__TASK REQUIREMENTS__:
Pictures excluded, copy word for word the lines from the one holding "Modul confort Volkswagen" through the last line below.

*** Opening of DATA SECTION ***

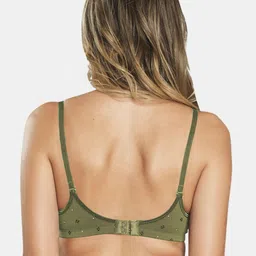 Sonari Women Graphic Printed Medium Coverage Lightly Padded Non-Wired T-shirt Bra image 2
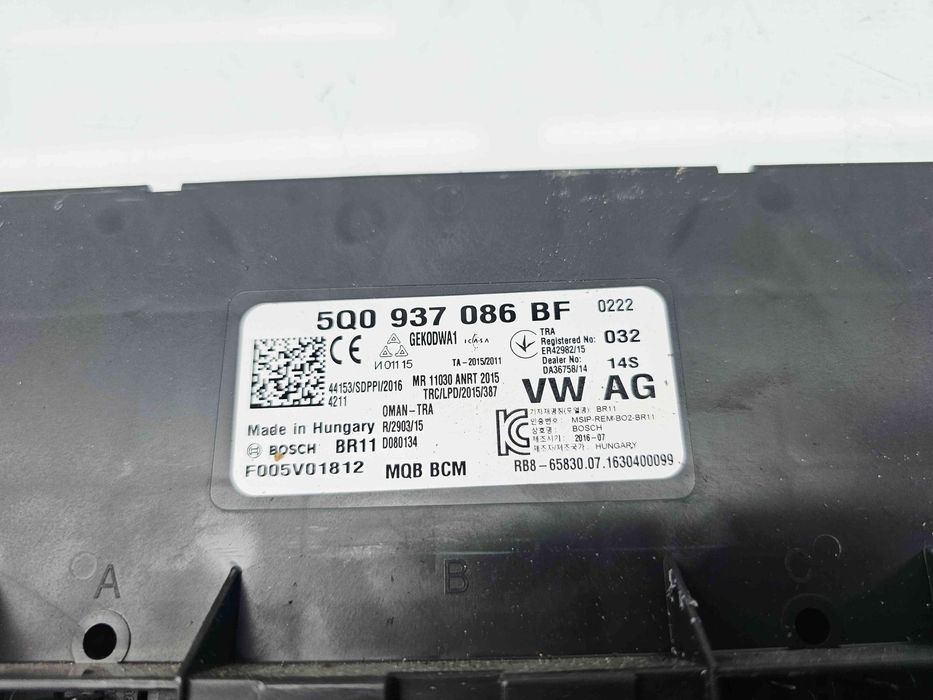 Modul confort Volkswagen Passat B8 Variant (3G5) [Fabr 2015-prezent]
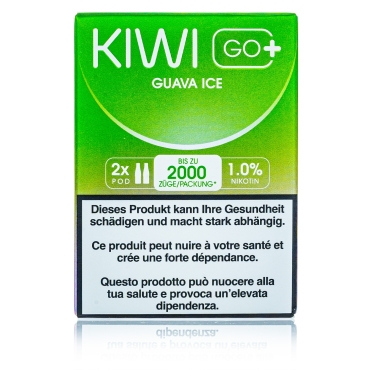 Kiwi GO+ 2 Kartuschen - Guava ICE - 10mg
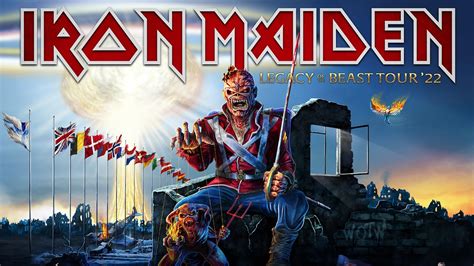 iron maiden tour 2022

*** Close of DATA SECTION ***

__RESPONSE AREA__:
 Modul confort Volkswagen Passat B8 Variant (3G5) [Fabr 2015-prezent]
 Kiwi GO+ 2 Kartuschen - Guava ICE - 10mg
 iron maiden tour 2022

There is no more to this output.